Posted by: AT 12:22 pm   |  Permalink   |  Email
Monday, July 14 2014

Matthew 13:1–9, 18–23

    Today’s Gospel reading is a well-known – shall we even say one of Jesus’ more popular parables.  And just so you know what I’m talking about, a parable is a just another form of storytelling. Jesus loved to tell stories.  So these stories that Jesus tells – these parables – these are the tools Jesus uses as teaching devices.  He told stories that people could connect with – and most often, the message was designed to tell his listeners something of what the Kingdom of God is all about.  

    Ever wonder what the Kingdom of God is like?  Well then, listen!  Today’s parable is called “The Parable of the Sower.”  A farmer sows seed in his field – and he is extravagant in his sowing – and the seed falls on four different kinds of soil.  

The most commonly held understanding of this parable is that people can be like four different kinds of soil – four different ways in which we might hear and receive the Word of God.  There is the hard soil – where nothing gets in.  There is the rocky soil and the soil full of thorns or weeds – but the seed planted there has no depth of soil and eventually the rocks and thorns choke the young plants.  And then there is good soil.  And the good soil – the soil with depth – is where the seed – or in our case, the Word of God – takes root and flourishes.  It grows – it multiplies – it produces fruit – it produces more seeds.  

It seems to me that we can and we do make choices about what kind of soil we want to be.  We can harden our hearts to God’s Word.  We can listen and accept only those things that we agree with.  We can allow the cares and riches of this world to choke things out.  Or we can allow the Word of God to take root and produce the kinds of fruit that God is looking for in our lives.

In other words – when it comes to bearing fruit – when it comes to the Word of God – as it relates to this parable now – two things are going on.  

First – you and I are recipients of the seed – the Word of God.  What happens to that Word of God that is planted in our hearts is – I guess you could say – up to us.  Will it grow or will it die?  Will it shrivel up?  Or will it thrive?

Second – when the seed of the Word of God falls onto hearts that are good soil – when we gladly hear and learn it – something good is going to happen.  Jesus says it will bear fruit in our lives – 30 times over – 60 times over – even 100 times over.  Man!  That’s a lot of fruit!

So the parable tells us something about us, and how we hear and receive the Word of God.  But this parable also tells us something about who God is.  God is the One who is sowing the seed.  He is in the seed planting business.  

And He is extravagant.  Throwing it here.  Throwing it there.  That’s just the way our God is!  And when the seeds sprout and grow, what happens?  More seed!  Folks –God has been in the seed sowing business for centuries!  And I would like to make the case that we are the ones through whom God works to plant His seed wherever and whenever we have opportunity to do so.  It’s just another reason to say that church matters.

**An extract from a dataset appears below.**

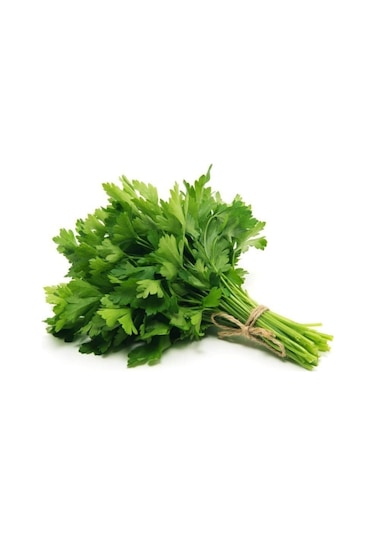 Maydanoz Tohumu Geniş Yapraklı Italyan Maydanoz Tohumu 250 Adet Tohum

Now – if it is true that we are God’s hands – God’s feet – if it is true that we are ambassadors for Christ as the Bible tells us – well then – it seems to me that we are in the Good News seed planting business.  Folks – as disciples of Jesus Christ – we are seed planters.  That’s what we are.  That’s what we do.  And don’t for one minute ever underestimate the power of one seed.

    Think about this.  What happens when you plant one seed – one kernel of corn?  A kernel of corn buried in the soil will produce one corn stalk.  Each stalk then will produce what – let’s say one or two ears of corn?  The average ear of corn has 250 kernels, so that a single kernel of corn, under the right conditions will yield a 250% to 500% return on investment.

Folks, may I suggest to you that sowing seeds is never a waste of time?  You – you might never know – or perhaps not know right away – it might even be 20 or more years from now before you find out.  But planting seeds is never a waste of time.  A smile here.  A friendly touch there.  A word of encouragement.  A word of thanksgiving.  A helping hand.  A word about Jesus, and what he has done for you.  A teaching moment to speak about the loving kindness of our Father in heaven.  A word of grace and forgiveness demonstrated – demonstrated as well as spoken.

These are seeds.  And remember, it’s God’s seed, but these are the seeds that – by the grace of God – you and I plant.  Whether as moms or dads talking about the things of God at home – around the dinner table – or before the youngest child in the family goes to bed at night.  Every night – in every home – everyone in the family gets a blessing.  Around here we practice the Faith 5.  Share highs and lows; read Scripture; talk about how that Scripture applies to your day; pray; and bless.  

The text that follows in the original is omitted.